• **Work order**:
Copy exactly the lines from the one containing "Ares, 3 kilo kubar esrar buldu!" through the last line of the records below, both included, and leave out the pictures.

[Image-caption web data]
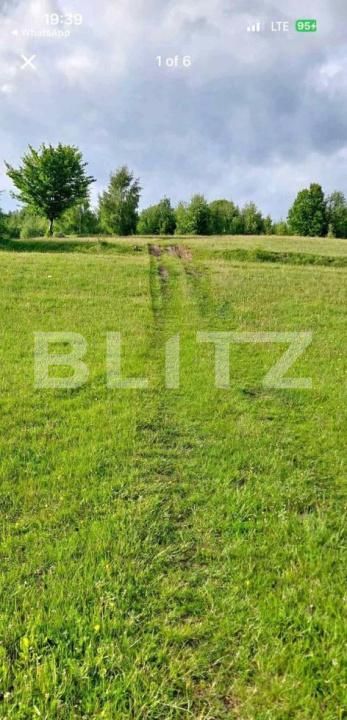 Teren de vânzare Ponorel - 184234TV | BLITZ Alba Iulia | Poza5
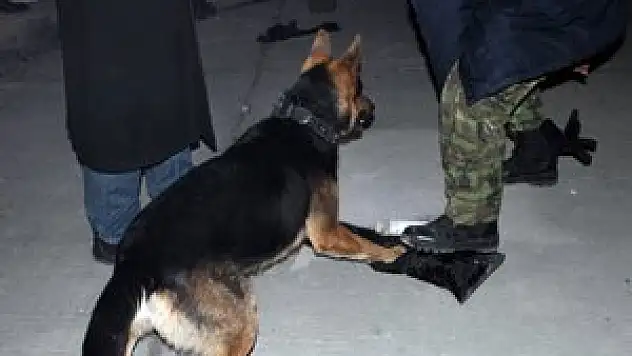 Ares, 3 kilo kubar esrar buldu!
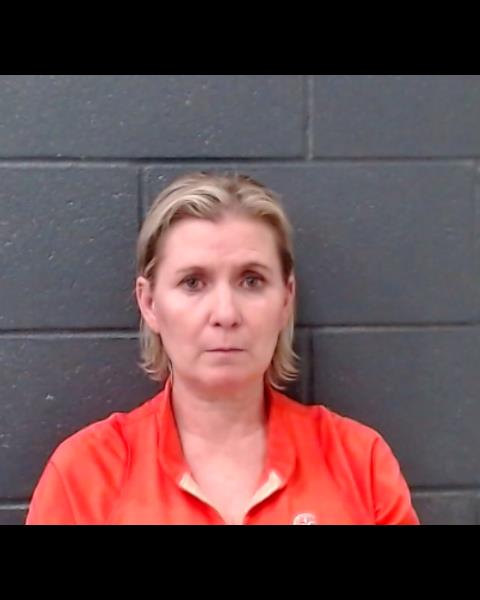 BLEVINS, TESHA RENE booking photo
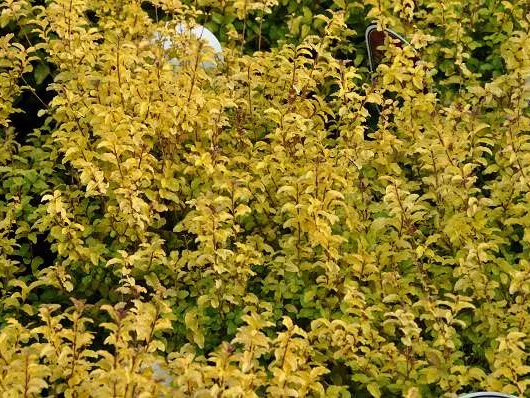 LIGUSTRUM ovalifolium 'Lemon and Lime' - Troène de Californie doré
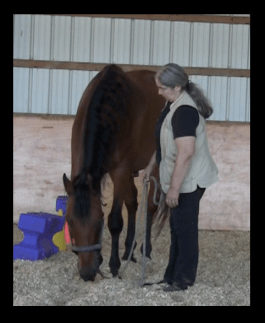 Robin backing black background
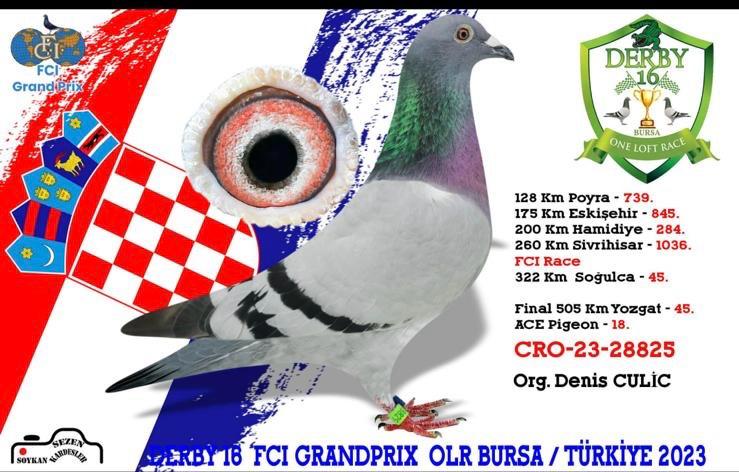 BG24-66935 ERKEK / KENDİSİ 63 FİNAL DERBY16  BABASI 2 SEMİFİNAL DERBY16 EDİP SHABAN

• **Exercise solution**:
 Ares, 3 kilo kubar esrar buldu!
 BLEVINS, TESHA RENE booking photo
 LIGUSTRUM ovalifolium 'Lemon and Lime' - Troène de Californie doré
 Robin backing black background
 BG24-66935 ERKEK / KENDİSİ 63 FİNAL DERBY16  BABASI 2 SEMİFİNAL DERBY16 EDİP SHABAN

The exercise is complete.